On April 6, two strong SS columns set out from Końskie to block crossings on the Czarna river. The first unit, heading toward Małachów and the Kamienny Krzyż forester's lodge, killed 11 men in Małachów, including eight villagers, two forest workers, and a passerby. That same day, the second column passed through the villages of Stadnicka Wola, Jelenia Góra, Niebo, and Piekło, executing 24 Polish men along the way. On April 7, SS men from the same unit killed five more people, including two children. Among the victims were three residents of Sielpia Mała. In this village, one farmstead was also burned.

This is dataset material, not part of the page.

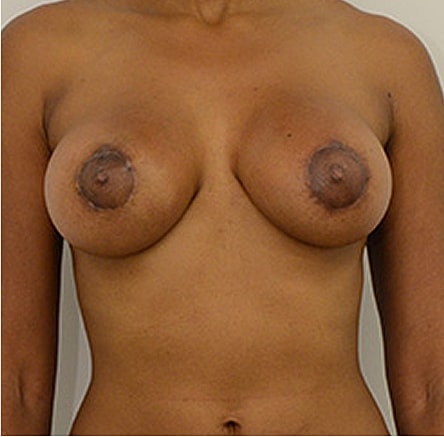 Breast Lift Before & After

On April 7, the Germans made several raids deeper into the blockaded area. In the Krasna region, they burned the Adamek forester's lodge and murdered forester Konstanty Dutkiewicz. In Chyby and Baran, they killed two men and burned a farm and a barn. Additionally, about 100 men were arrested in these villages and taken to prison in Kielce. However, the worst crimes occurred in Adamów and Królewiec. In Adamów, the Germans burned several farms, shot two men, and arrested most of the remaining inhabitants. The detainees were marched to Smyków, where five men were killed along the way, and two more were wounded. Meanwhile, in Królewiec, the Germans set up firing positions from which they shelled nearby villages and hamlets. At one point, SS-Hauptsturmführer Stanfer, commander of the 7th Company of the 8th SS-Totenkopf Regiment, was killed by a stray bullet. His comrades believed he was shot by a Polish sniper, prompting the German command to order a retaliatory pacification. All conscription-aged men in Królewiec were arrested and marched to Smyków. At the same time, SS men burned Królewiec and set fires in several nearby hamlets (Zastawie, Podzastawie, Piaski Królewieckie). Later that day, nearly all of the detainees from neighboring villages were executed in a field and forest near Smyków. The pacifications of Adamów and Królewiec claimed 83 lives: 61 residents of Królewiec, 18 from Adamów, and one each from Chyby, Muszczarz, Piaseczno, and Znajoma. The Germans also burned 55 farms, including most of Królewiec's buildings. The crimes were committed by soldiers of the 7th and 8th Companies of the 8th SS-Totenkopf Regiment, commanded by SS-Oberführer Leo von Jena.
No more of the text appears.